La Route de Los Angeles - John Fante

^ion John Fante est un romancier américain né en 1909. Ses romans mettent en scène un héros-reflet, américain d'origine italienne, qui souhaite devenir écrivain. Tardivement traduit en français, Fante a obtenu rapidement les faveurs des lecteurs européens. Il était également très apprécié de Bukowski.

J'ai donc commencé à découvrir Fante par hasard, en cherchant un cadeau dans la librairie orientation littérature que nous fréquentons. Je voulais un livre pour mon père, avec de l'humour, de l'action et qui se lise facilement. Je l'ai choisi en toute confiance (je pars du principe que si un livre se trouve chez ce libraire, c'est qu'il n'est pas mauvais). Je ne sais pas s'il a beaucoup aimé (dur dur de savoir) mais je le lui ai emprunté ensuite et me suis plongée dedans. Le livre, édité chez Christian Bourgois, est une réédition comprenant les trois premiers romans de Fante. Ne vous étonnez donc pas de voir trois fois la même couverture sur ce blog !

J'ai donc commencé mon approche fantesque par son premier roman (c'est une édition posthume, Fante le conservait précieusement dans un tiroir fermé à clef), La Route de Los Angeles.

A la lecture, il est facile de comprendre pourquoi l'auteur le conservait ainsi, à l'abri des regards.
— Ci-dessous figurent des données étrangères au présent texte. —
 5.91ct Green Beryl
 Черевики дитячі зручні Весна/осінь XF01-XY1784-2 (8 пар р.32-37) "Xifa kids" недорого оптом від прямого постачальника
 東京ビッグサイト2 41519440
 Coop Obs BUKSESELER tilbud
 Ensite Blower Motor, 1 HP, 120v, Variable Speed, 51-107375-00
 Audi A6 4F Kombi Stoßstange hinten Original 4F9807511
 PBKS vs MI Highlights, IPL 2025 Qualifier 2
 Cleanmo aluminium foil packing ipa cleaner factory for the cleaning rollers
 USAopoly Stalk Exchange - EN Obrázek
C'est un premier roman qui semble largement autobiographique, où l'on assiste à la naissance de Bandini, l'écrivain qui veut en être un et qui n'a point peur du mauvais goût.
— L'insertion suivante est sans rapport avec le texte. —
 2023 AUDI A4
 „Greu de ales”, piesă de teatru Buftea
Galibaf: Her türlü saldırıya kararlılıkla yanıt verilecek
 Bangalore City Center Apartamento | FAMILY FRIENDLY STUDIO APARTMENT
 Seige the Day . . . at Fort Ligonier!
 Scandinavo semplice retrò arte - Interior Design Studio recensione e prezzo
L'écriture est un peu surchargée, l'emphase trop présente et le héros est agaçant. Mais on assiste à la naissance d'un personnage, qui est certes gonflé d'orgueil, horripilant et ridicule mais qui nous touche malgré tout. Il s'agit d'un roman de genèse qui se lit facilement et amorce une promesse. L'aspect social est également intéressant car nous percevons la difficulté identitaire des enfants d'immigrés.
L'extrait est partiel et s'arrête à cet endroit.